* **AIM OF THE EXERCISE**
Extract every line between the one with "Furnished room in a flatshare" and the end of the entries, both included, word for word and free of pictures.

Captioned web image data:

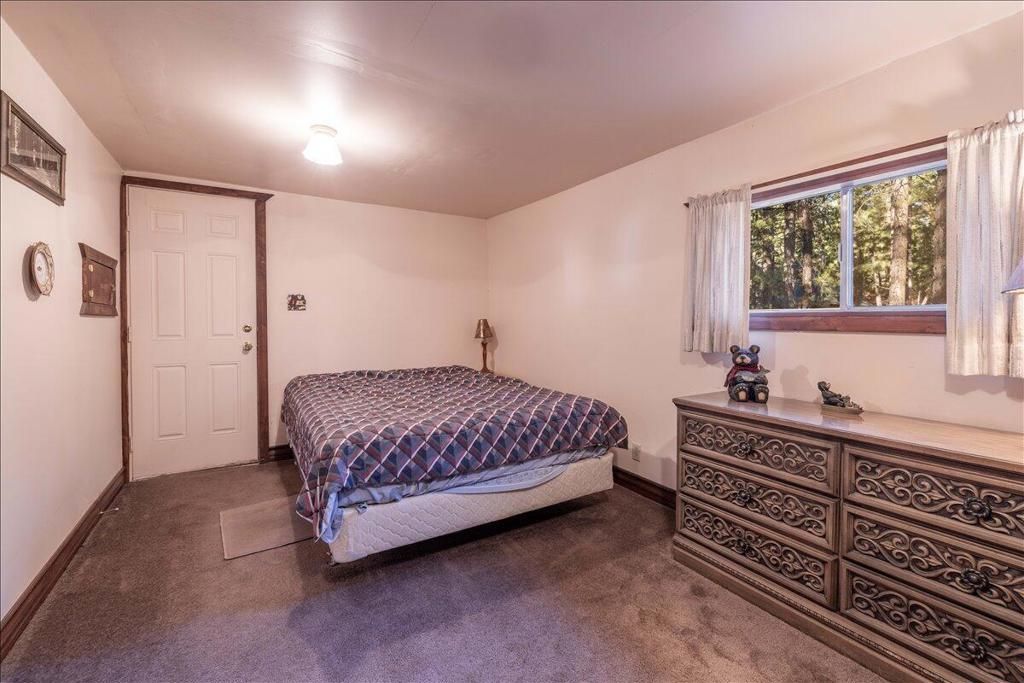 Image 13 of property listing at 520 W Aeroplane Boulevard, Big Bear, CA 92314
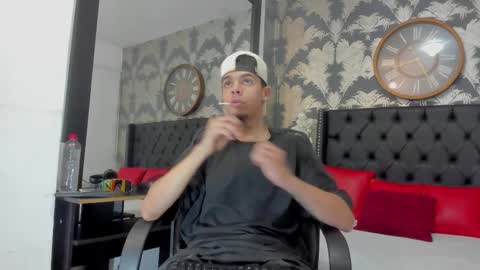 alan_smithy online show from September 22, 6:51 pm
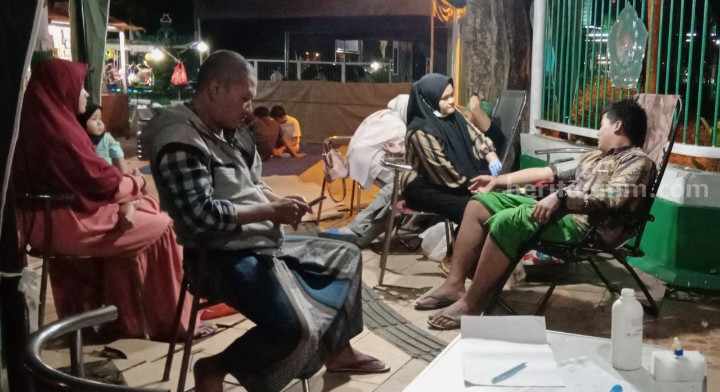 Suasana donor darah dalam rangka Safari Rahmat Ramadhan 1444 Hijriah, yang digagas UDD PMI Pamekasan, di area Arek Lancor Pamekasan, Jum'at (14/4/2023).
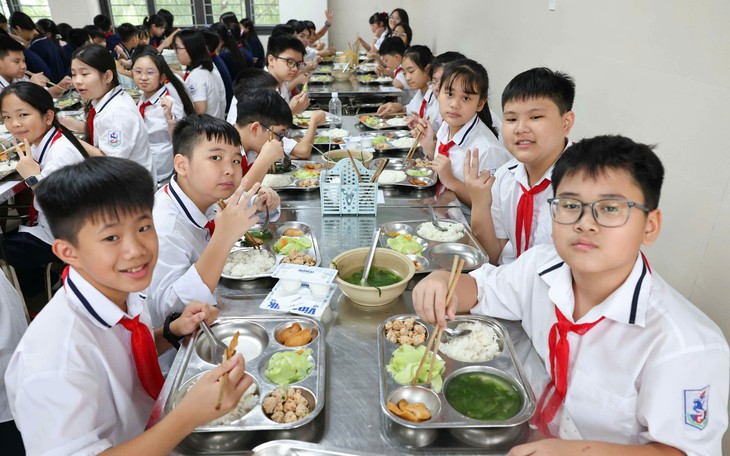 Giải pháp siết chặt an toàn bữa ăn bán trú và căng tin trường học- Ảnh 2.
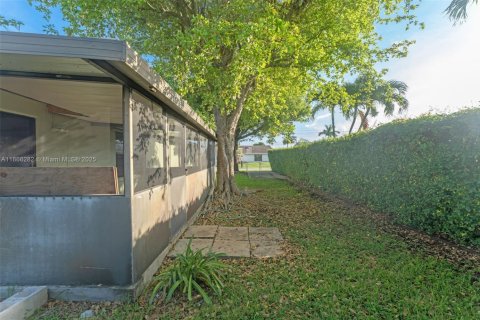 House in Miami, Florida 3 bedrooms, 153.57 sq.m. № 1921293 - photo 20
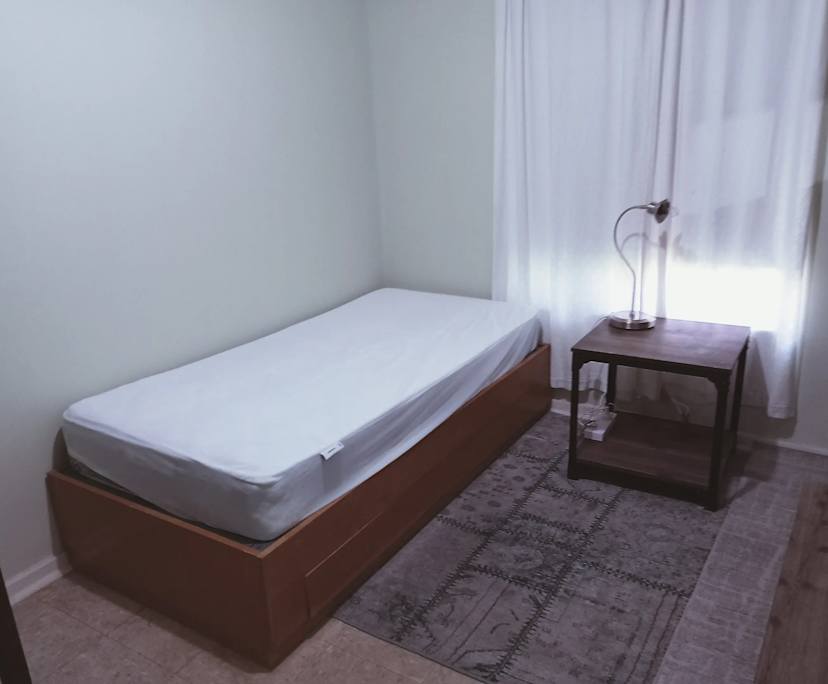 Furnished room in a flatshare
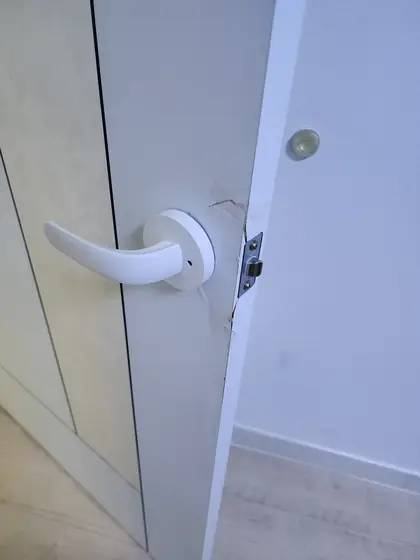 방문 강제개방 수리 — 문고리 둘레가 깨진 방문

* **SOLVED PROBLEM**
 Furnished room in a flatshare
 방문 강제개방 수리 — 문고리 둘레가 깨진 방문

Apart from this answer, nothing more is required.